• [TASK OBJECTIVE] Output the line containing "Used 2020 Volkswagen" and each line after it through the end of the data, exactly as written, with pictures left out.

• [RECORDED DATA]
★ ★ ★

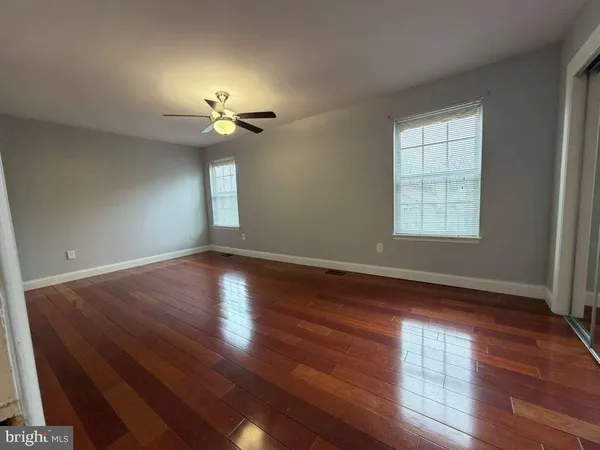 $3,200 | 10354 College Square, Columbia, MD 21044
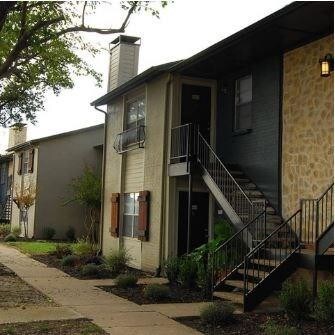 Primary Photo - 1325 Tennis Dr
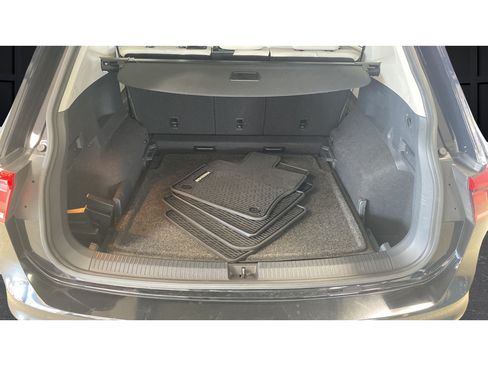 Used 2020 Volkswagen Tiguan SEL AWD/4WD image 26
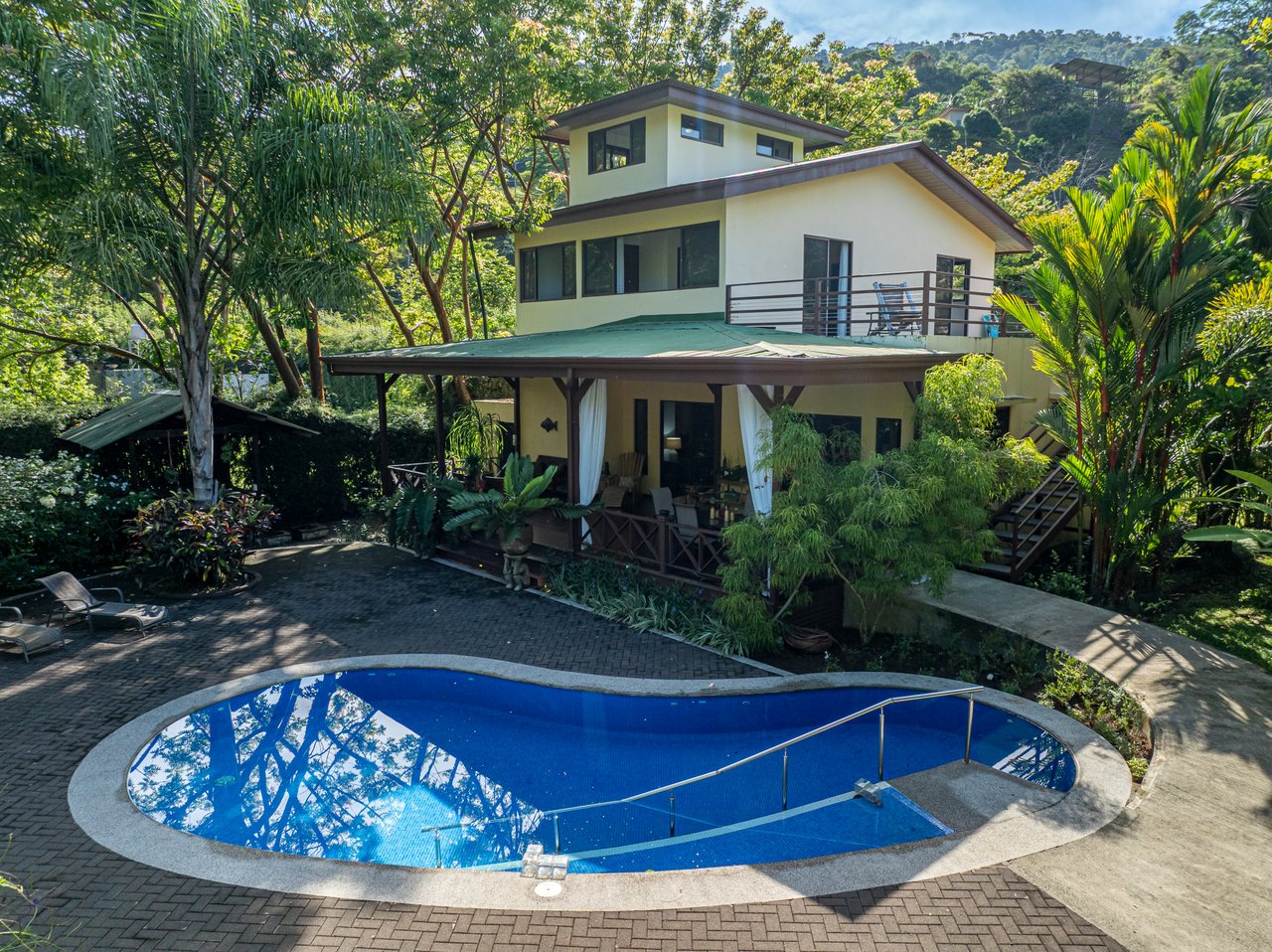 0.50 ACRES – 5 Bedroom Riverfront Modern Home, Walking Distance To Dominical!!!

★ ★ ★

• [RESPONSE BOX]
 Used 2020 Volkswagen Tiguan SEL AWD/4WD image 26
 0.50 ACRES – 5 Bedroom Riverfront Modern Home, Walking Distance To Dominical!!!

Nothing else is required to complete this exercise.